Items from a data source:
=== Section Start ===
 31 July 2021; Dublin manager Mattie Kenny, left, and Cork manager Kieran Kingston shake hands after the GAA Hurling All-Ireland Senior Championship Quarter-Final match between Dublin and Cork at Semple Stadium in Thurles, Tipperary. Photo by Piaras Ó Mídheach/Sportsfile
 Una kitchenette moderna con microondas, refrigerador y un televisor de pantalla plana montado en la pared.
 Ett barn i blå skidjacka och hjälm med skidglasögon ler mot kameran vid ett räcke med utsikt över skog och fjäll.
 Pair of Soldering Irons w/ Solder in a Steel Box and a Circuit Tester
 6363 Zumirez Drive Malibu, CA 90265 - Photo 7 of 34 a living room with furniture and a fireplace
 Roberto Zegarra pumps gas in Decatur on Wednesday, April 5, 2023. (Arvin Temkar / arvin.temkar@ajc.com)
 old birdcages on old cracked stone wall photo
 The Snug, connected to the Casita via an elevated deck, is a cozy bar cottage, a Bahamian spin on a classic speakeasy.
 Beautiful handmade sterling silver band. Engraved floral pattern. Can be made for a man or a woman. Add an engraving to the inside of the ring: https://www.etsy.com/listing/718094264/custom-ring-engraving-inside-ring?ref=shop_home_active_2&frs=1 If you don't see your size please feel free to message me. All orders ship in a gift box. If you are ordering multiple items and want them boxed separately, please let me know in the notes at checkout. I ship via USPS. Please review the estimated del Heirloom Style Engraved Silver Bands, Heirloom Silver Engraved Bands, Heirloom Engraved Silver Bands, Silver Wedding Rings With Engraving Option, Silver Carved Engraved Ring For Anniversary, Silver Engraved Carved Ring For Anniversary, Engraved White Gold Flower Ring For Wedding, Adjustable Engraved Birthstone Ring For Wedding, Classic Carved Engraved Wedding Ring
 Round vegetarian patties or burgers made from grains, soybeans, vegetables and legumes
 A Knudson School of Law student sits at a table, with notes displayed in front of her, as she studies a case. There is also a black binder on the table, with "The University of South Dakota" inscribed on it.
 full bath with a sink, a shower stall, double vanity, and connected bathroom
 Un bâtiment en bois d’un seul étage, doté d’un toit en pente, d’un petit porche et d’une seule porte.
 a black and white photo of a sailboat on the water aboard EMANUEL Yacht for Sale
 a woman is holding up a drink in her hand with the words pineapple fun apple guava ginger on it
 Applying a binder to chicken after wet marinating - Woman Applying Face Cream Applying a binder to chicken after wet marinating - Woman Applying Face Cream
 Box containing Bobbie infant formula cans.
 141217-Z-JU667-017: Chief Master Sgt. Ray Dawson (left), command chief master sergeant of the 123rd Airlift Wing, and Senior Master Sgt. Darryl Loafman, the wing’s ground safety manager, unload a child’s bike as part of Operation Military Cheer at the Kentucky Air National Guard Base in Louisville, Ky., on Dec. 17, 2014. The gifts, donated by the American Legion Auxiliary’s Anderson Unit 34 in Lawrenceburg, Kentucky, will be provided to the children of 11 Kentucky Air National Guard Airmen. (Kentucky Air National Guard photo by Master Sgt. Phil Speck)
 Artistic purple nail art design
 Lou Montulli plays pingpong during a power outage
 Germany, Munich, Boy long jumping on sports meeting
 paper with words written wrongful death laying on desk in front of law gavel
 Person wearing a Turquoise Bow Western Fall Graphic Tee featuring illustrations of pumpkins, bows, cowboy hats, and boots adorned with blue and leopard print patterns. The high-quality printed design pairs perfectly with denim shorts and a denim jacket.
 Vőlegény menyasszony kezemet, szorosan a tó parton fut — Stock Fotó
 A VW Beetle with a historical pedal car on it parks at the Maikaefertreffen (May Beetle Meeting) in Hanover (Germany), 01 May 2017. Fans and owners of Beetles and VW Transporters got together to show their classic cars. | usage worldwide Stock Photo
=== Section End ===
In the data above, retype exactly and only the lines between the one holding "Face Cream Applying" and the one holding "Vőlegény menyasszony kezemet, szorosan", inclusive.

 Applying a binder to chicken after wet marinating - Woman Applying Face Cream Applying a binder to chicken after wet marinating - Woman Applying Face Cream
 Box containing Bobbie infant formula cans.
 141217-Z-JU667-017: Chief Master Sgt. Ray Dawson (left), command chief master sergeant of the 123rd Airlift Wing, and Senior Master Sgt. Darryl Loafman, the wing’s ground safety manager, unload a child’s bike as part of Operation Military Cheer at the Kentucky Air National Guard Base in Louisville, Ky., on Dec. 17, 2014. The gifts, donated by the American Legion Auxiliary’s Anderson Unit 34 in Lawrenceburg, Kentucky, will be provided to the children of 11 Kentucky Air National Guard Airmen. (Kentucky Air National Guard photo by Master Sgt. Phil Speck)
 Artistic purple nail art design
 Lou Montulli plays pingpong during a power outage
 Germany, Munich, Boy long jumping on sports meeting
 paper with words written wrongful death laying on desk in front of law gavel
 Person wearing a Turquoise Bow Western Fall Graphic Tee featuring illustrations of pumpkins, bows, cowboy hats, and boots adorned with blue and leopard print patterns. The high-quality printed design pairs perfectly with denim shorts and a denim jacket.
 Vőlegény menyasszony kezemet, szorosan a tó parton fut — Stock Fotó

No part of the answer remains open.